The St. Peter Sandstone and Pacific's silica economy
Pacific sits at the surface outcrop of one of the largest deposits of exceptionally pure silica sand in North America — the St. Peter Sandstone, a roughly 470-million-year-old Ordovician sedimentary formation that extends in the subsurface across much of the central Midwest but only surfaces in scattered outcrops along river valleys. The Pacific outcrops along the Meramec River represent one of the most accessible exposures of the formation anywhere in Missouri, and the sandstone's exceptional purity (typically 99% silicon dioxide with very low iron or other impurities) made it commercially valuable from the early days of industrial-scale American glass manufacturing.

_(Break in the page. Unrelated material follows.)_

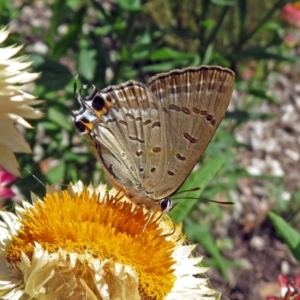 Jalmenus ictinus at Acton, ACT - 8 Feb 2019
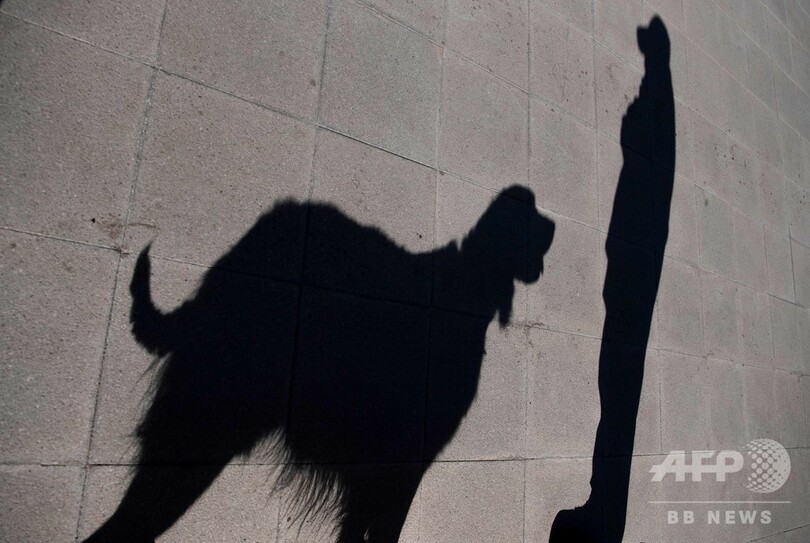 コロナ患者嗅ぎ分ける探知犬を養成へ チリで訓練進む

Silica mining in Pacific began in the late 1860s and 1870s with small surface quarries supplying St. Louis glass factories. Underground mining began in the 1890s as surface deposits were exhausted and operators realized that the sandstone bed extended far back into the bluffs at workable thickness. The underground workings expanded rapidly through the early 20th century — by the 1920s and 1930s, Pacific was one of the major industrial silica producers in the United States, with multiple companies operating concurrently and the town's economy substantially built on silica payrolls.
The industry peaked in the 1940s and 1950s during the post-war glass manufacturing boom, when Pacific silica was shipped to glass plants across the Midwest and as far as the East Coast. Decline began in the 1960s as more efficient surface operations elsewhere in Missouri and other states displaced the labor-intensive underground production. The last active Pacific underground silica operation closed in the 1970s, and most of the cave workings have been inactive for 50 or more years.